The theory is that smart money will be a buyer during market bottoms a seller into rallies. Dumb money, on the other hand, will enter the market after most of the gains have already been realized and become bearish after most of the decline has already occurred. When the two groups diverge significantly from one another it marks an extreme sentiment reading that should be taken as a contrary indicator.
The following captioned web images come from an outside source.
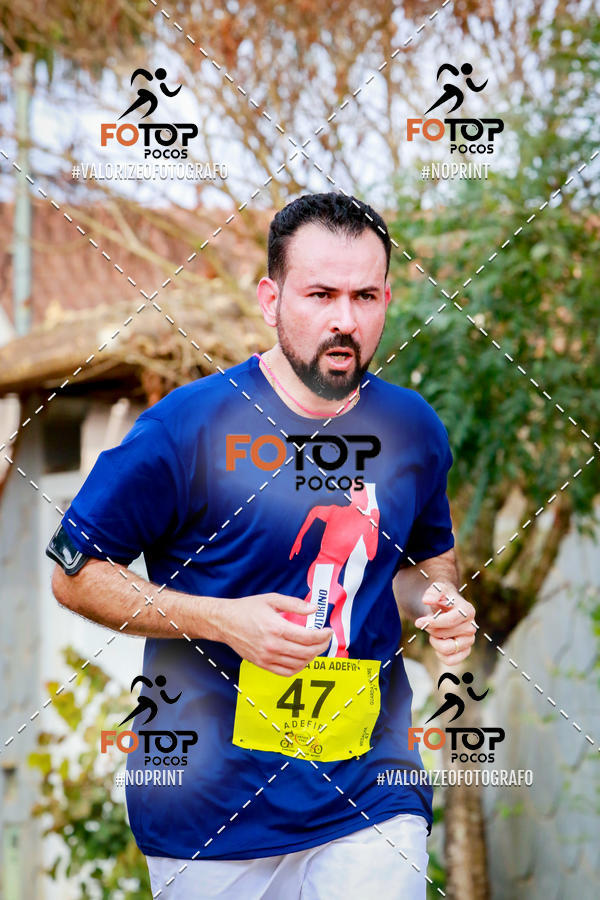 Buy your photos of the event2 Corrida ADEFIP on Fotop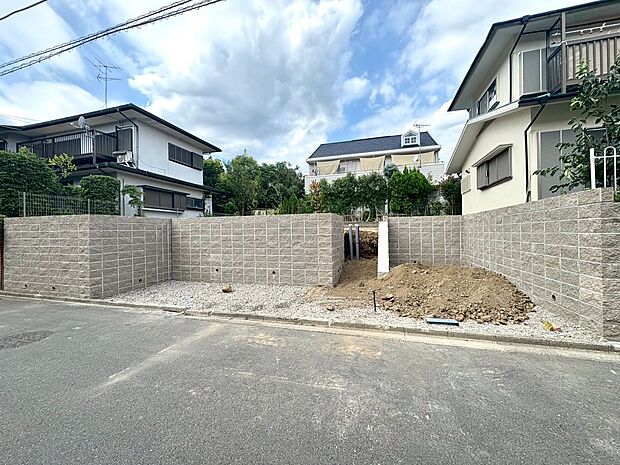 ●〇●お気軽にお問い合わせください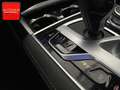 BMW 730 d xDrive M SPORT GSD+LASER+MASSAGE+SOFT+H/K+ Grau - thumbnail 37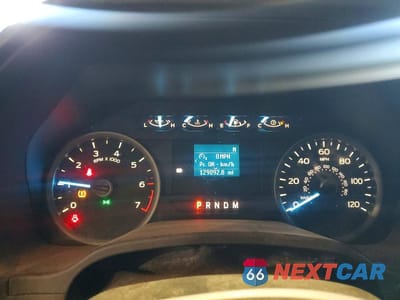 Zdjęcie 9 z 12 samochodu: 2019 FORD F150 SUPERCREW VIN:1FTEW1C5XKFA66203 - miniatura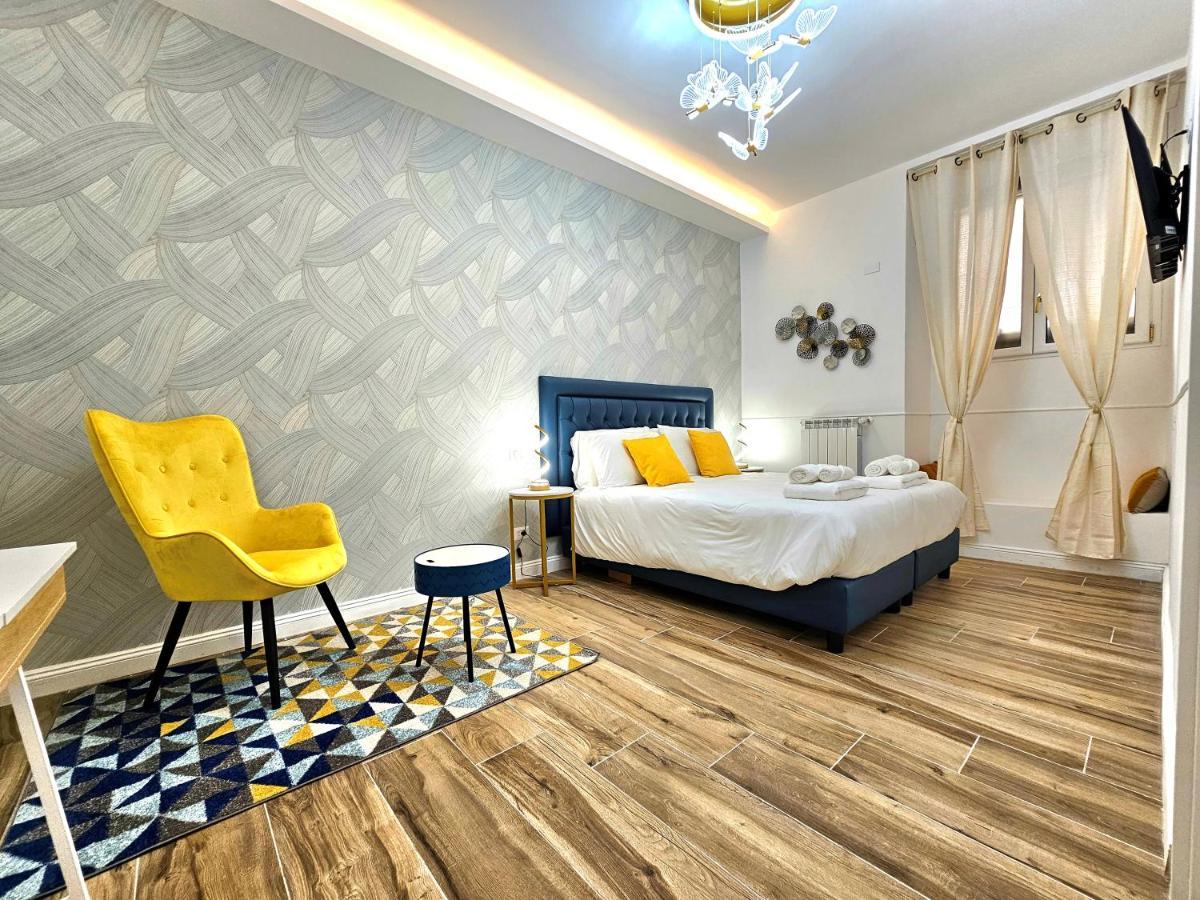 Casa vacanze Valentine Roma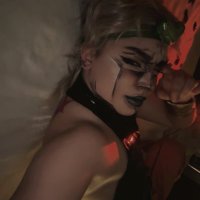 Loan Winter (@loancos) 's Twitter Profile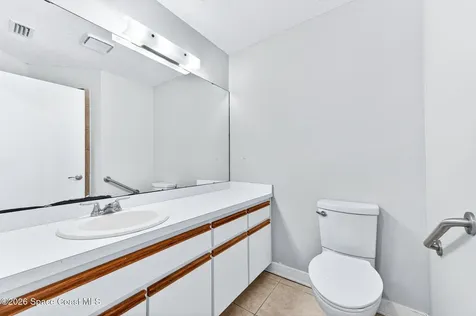 1004 Villa Drive Melbourne FL 32940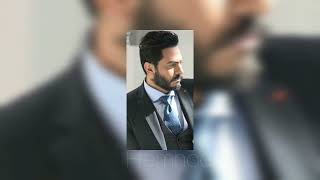 Tamer hosny _ habitha ya nas _ حبيتها يناس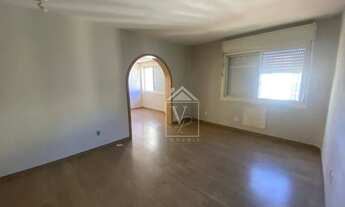 Imagem 5: Apartamento com 1 dormitório para alugar, 82 m² por R$ 2.820/mês - Centro - Porto Alegre/R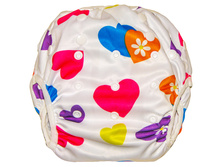 ������� ��� �������� ������������ �������� (4-18 ��)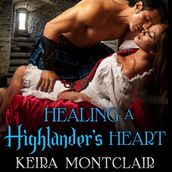 Healing a Highlander s Heart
I’ve highlighted the extreme optimism spread readings since the bull market began in 2009. As you can see, when the market was momentum-driven in 2010 the extreme optimism reading lasted a considerable length of time. The extreme optimism readings mostly led to mostly minor corrections (although some of them were monsters). My point is not to criticize the indicator. In fact, the indicator nailed the bottom of the markets with great consistency since the beginning of the bull run. It also nailed most of the tops during the previous bear market. Obviously the lesson is context. Yes, we are currently at a sentiment extreme, just within a larger context of a bull market. The pullbacks are most likely buying opportunities and sentiment will remain optimistic for extended periods. This is how the market is rolling. Until it doesn’t. Sure, caution is warranted but don’t expect Armageddon around the corner.
This is an amazing indicator and I would highly recommend having Jason Goepfert’s research in your trading toolbox. He’s the man when it comes to quantitative analysis of a notoriously hard-to-quantify subject. An important note about this indicator is that it is calculated using real-money gauges rather than subjective opinion polls.